▶ [Work task] Please copy, exactly and with no pictures, only the lines from the one containing "Toyota C-HR 1.8" through the last line of the records.

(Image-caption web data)
::::::

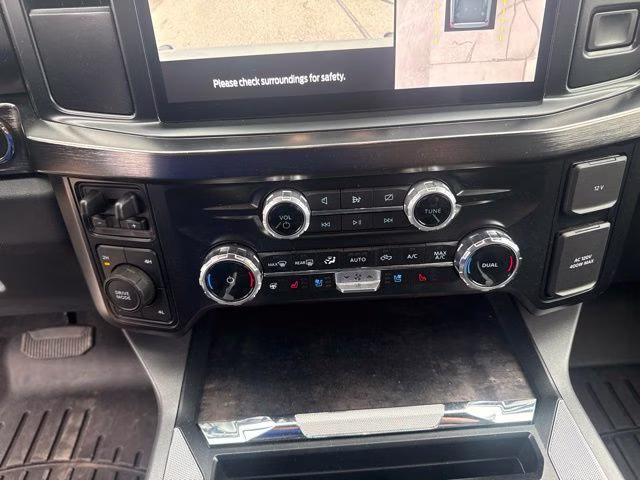 2024 Silver Metallic Ford Super Duty F-250 SRW Lariat 4X4 Truck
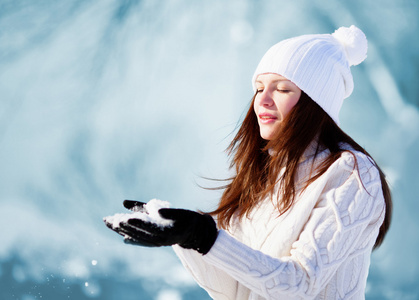 女孩玩雪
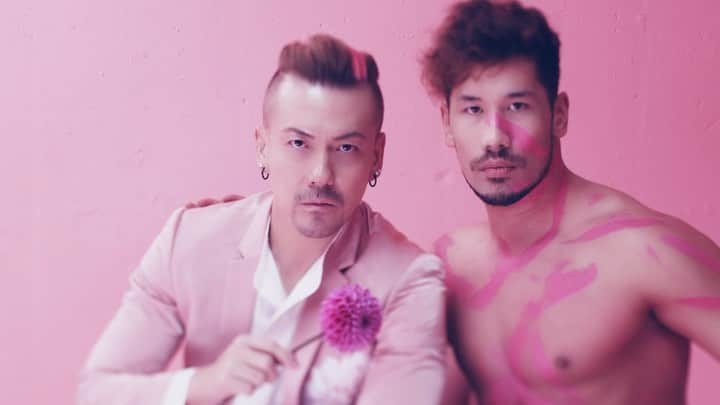 のインスタグラム：「“elephant LOVE” #toshinoriyonekura #newalbum #pinkelephant #pink #elephant #music #soul #randb #real #bodymake #fitness #gym #hotguys #hotboys #dancer #nude #male #singer #flower #love #lgbtq #japan #tokyo #newyork #sanfrancisco #losangeles #canada #tour #2020 #米倉利紀」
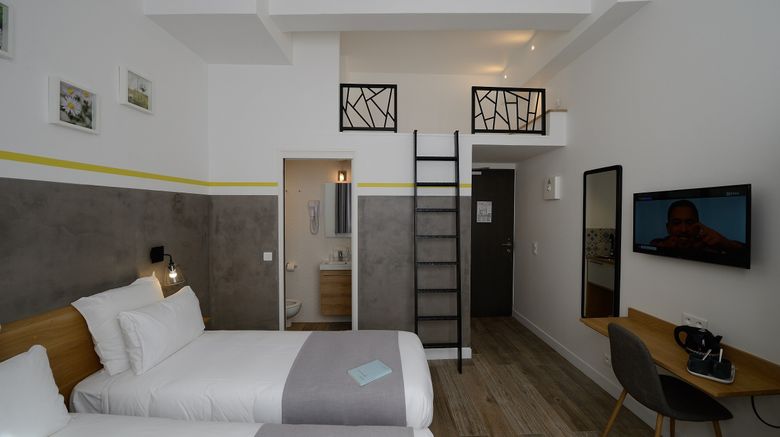 <b>Hotel Terre Neuve Room</b>. Images powered by <a href="https://www.leonardoworldwide.com/" title="Leonardo Worldwide" target="_blank">Leonardo</a>.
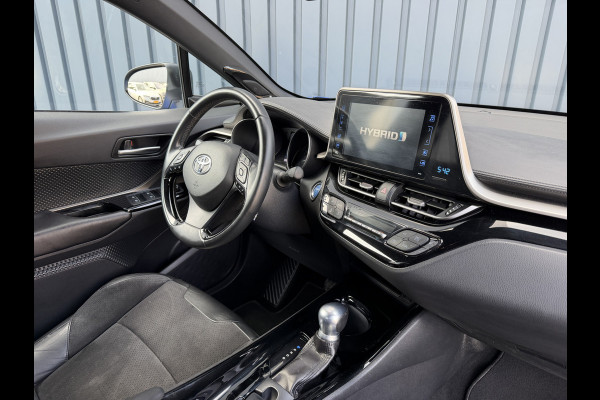 Toyota C-HR 1.8 Hybrid Executive / Bi tone | Leer/alcantara | Dealer onderhouden | LED | JBL | Rijklaar!!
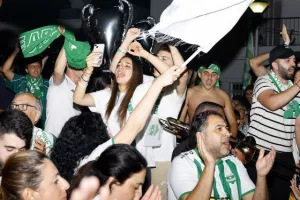 Χαμός... στην "Πλατεία Ηρώων" για τον πρωταθλητή Άρη! (Φώτος)
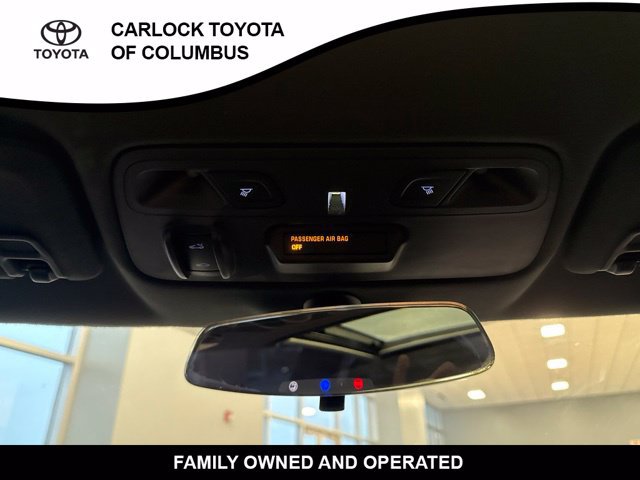 Used 2017 Chevrolet Camaro SS RWD image 28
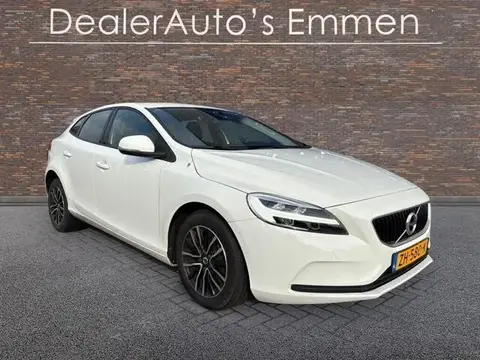 Annonce VOLVO V40 Essence 2019 d'occasion 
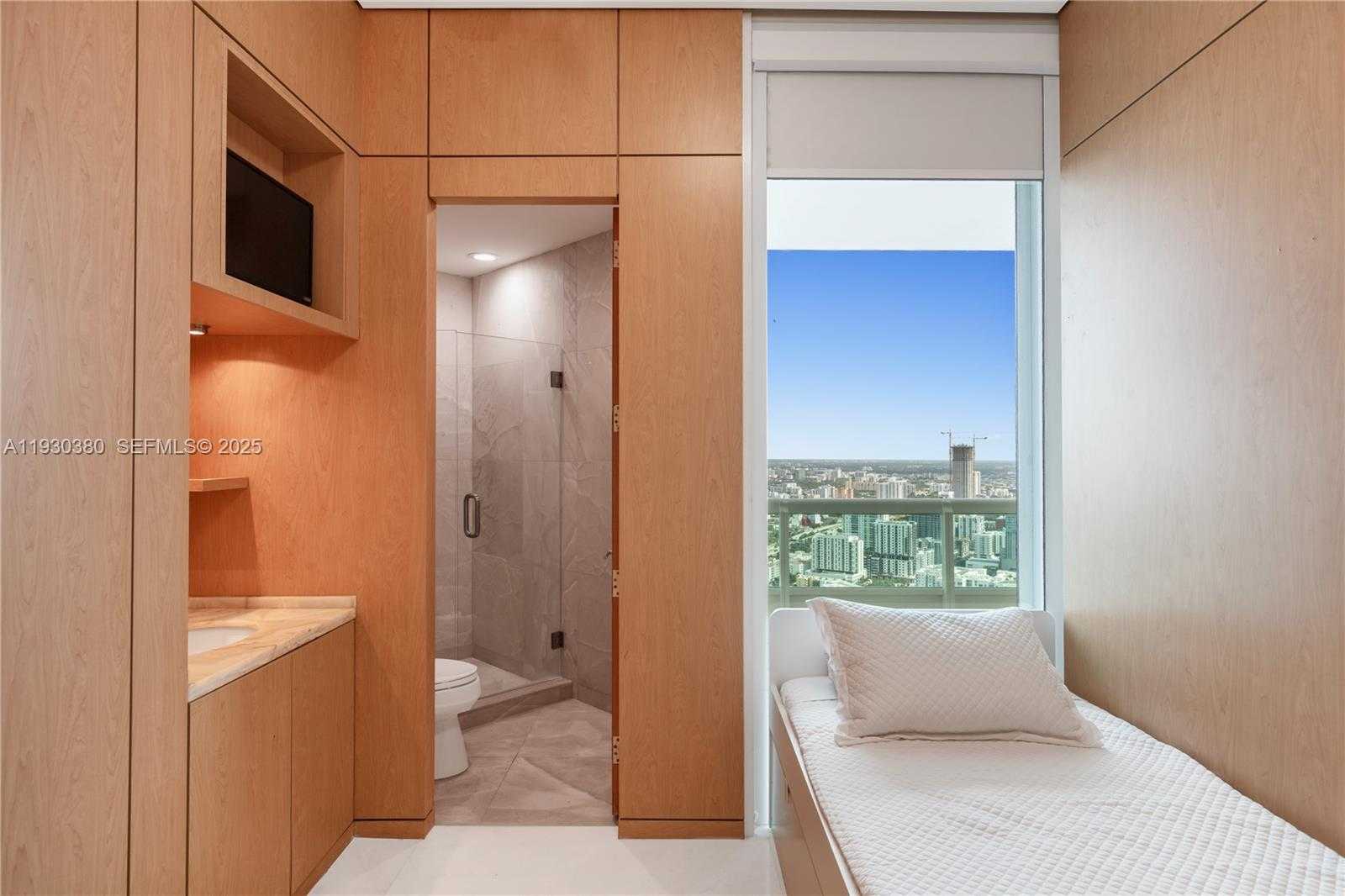 Small Image of 1643 BRICKELL AVE #PH 4901 + Dock, Miami Number 53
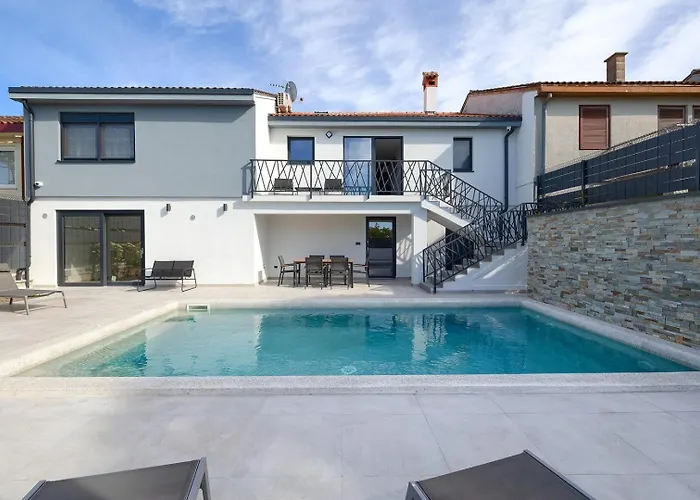 Meri With Private Pool And Sea View Pula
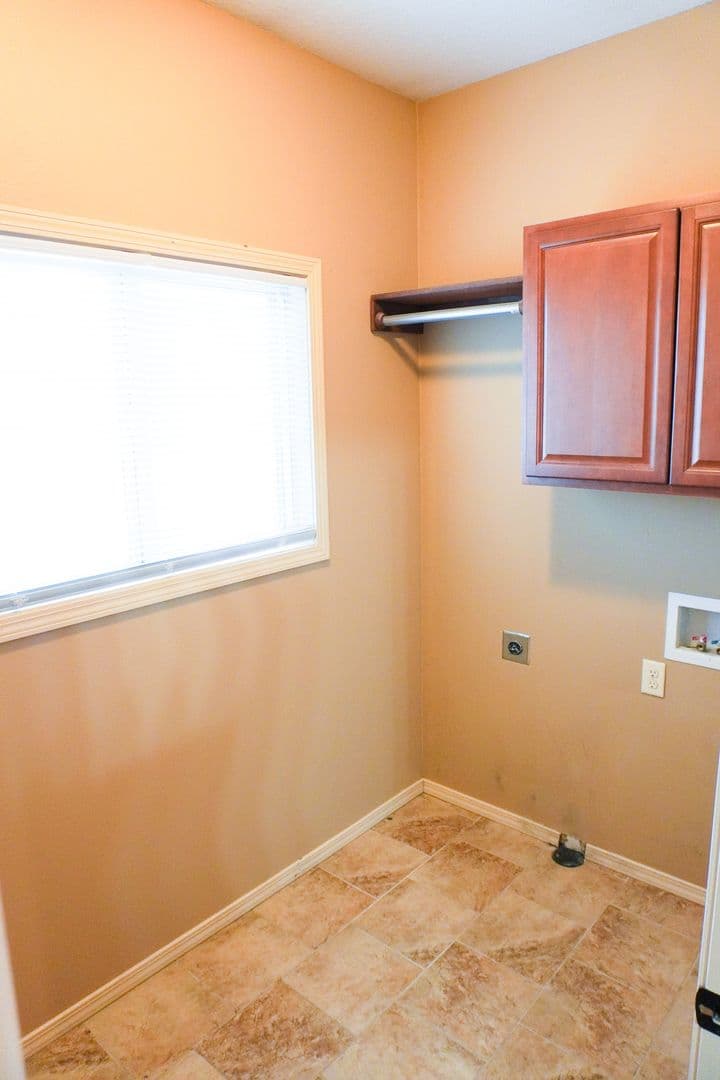 3-Bed Duplex w Garage, Yard, Balcony SPECIAL: $500 off November Rent 7 of 17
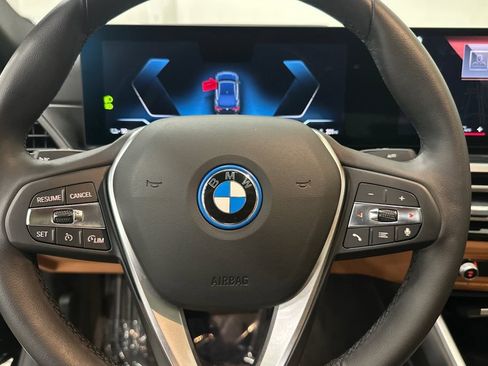 Used 2023 BMW i4 eDrive40 RWD image 26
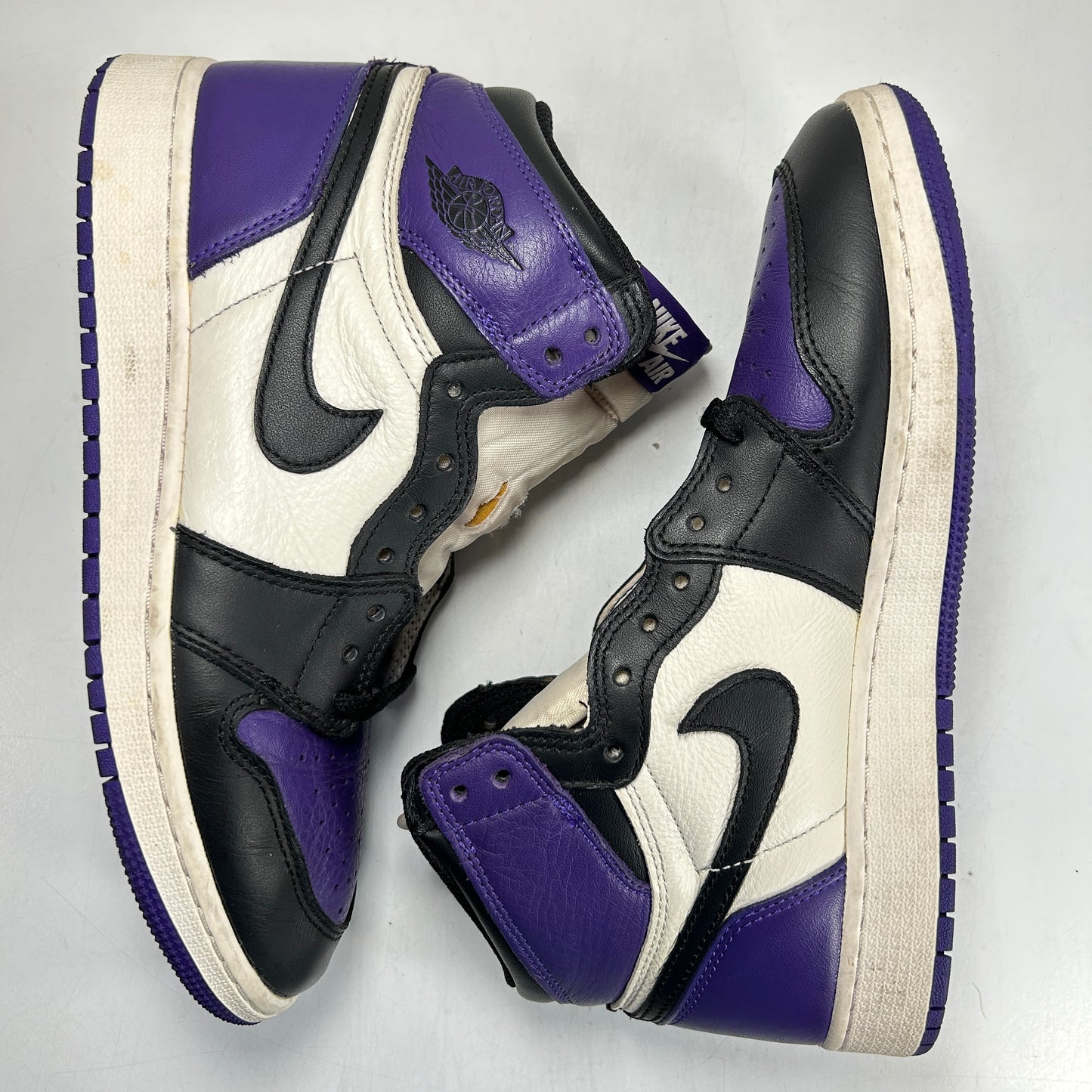 575441 501 Jordan 1 Retro High Court Purple (GS) [USED] - 7 Y (Used) (No Box)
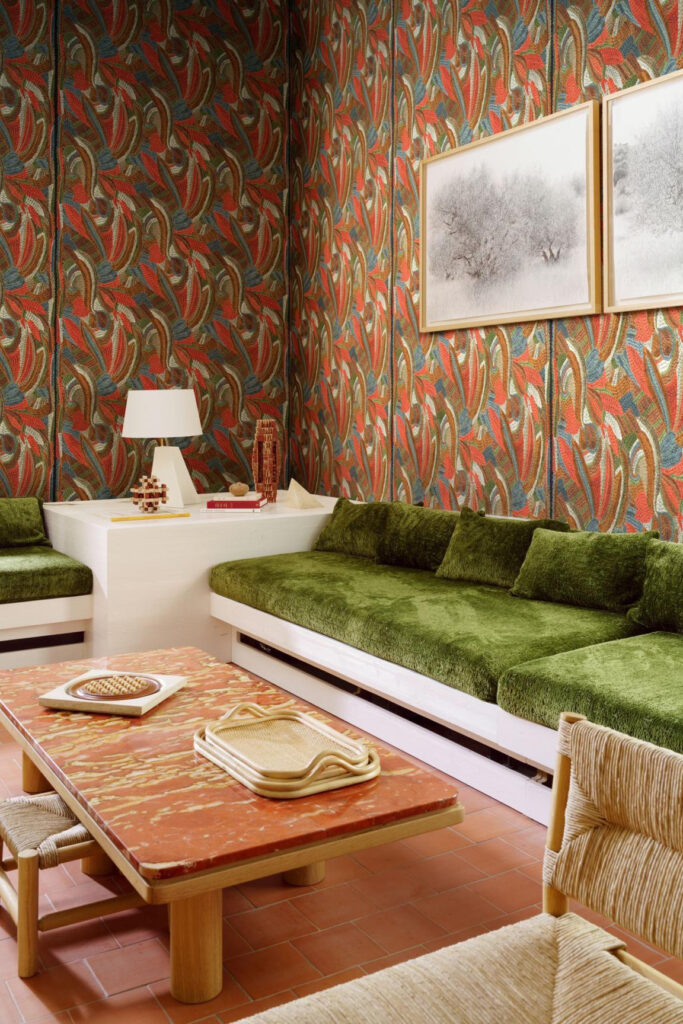 Arte Melaky Mandrava behang in kleur Folklore (40760) - Interieur impressie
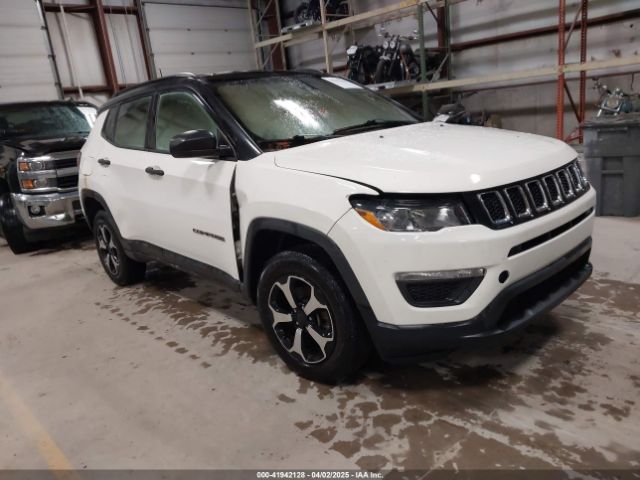 2019 JEEP COMPASS 3C4NJDAB5KT713136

::::::

▶ [Answer for the task]
 Toyota C-HR 1.8 Hybrid Executive / Bi tone | Leer/alcantara | Dealer onderhouden | LED | JBL | Rijklaar!!
 Χαμός... στην "Πλατεία Ηρώων" για τον πρωταθλητή Άρη! (Φώτος)
 Used 2017 Chevrolet Camaro SS RWD image 28
 Annonce VOLVO V40 Essence 2019 d'occasion 
 Small Image of 1643 BRICKELL AVE #PH 4901 + Dock, Miami Number 53
 Meri With Private Pool And Sea View Pula
 3-Bed Duplex w Garage, Yard, Balcony SPECIAL: $500 off November Rent 7 of 17
 Used 2023 BMW i4 eDrive40 RWD image 26
 575441 501 Jordan 1 Retro High Court Purple (GS) [USED] - 7 Y (Used) (No Box)
 Arte Melaky Mandrava behang in kleur Folklore (40760) - Interieur impressie
 2019 JEEP COMPASS 3C4NJDAB5KT713136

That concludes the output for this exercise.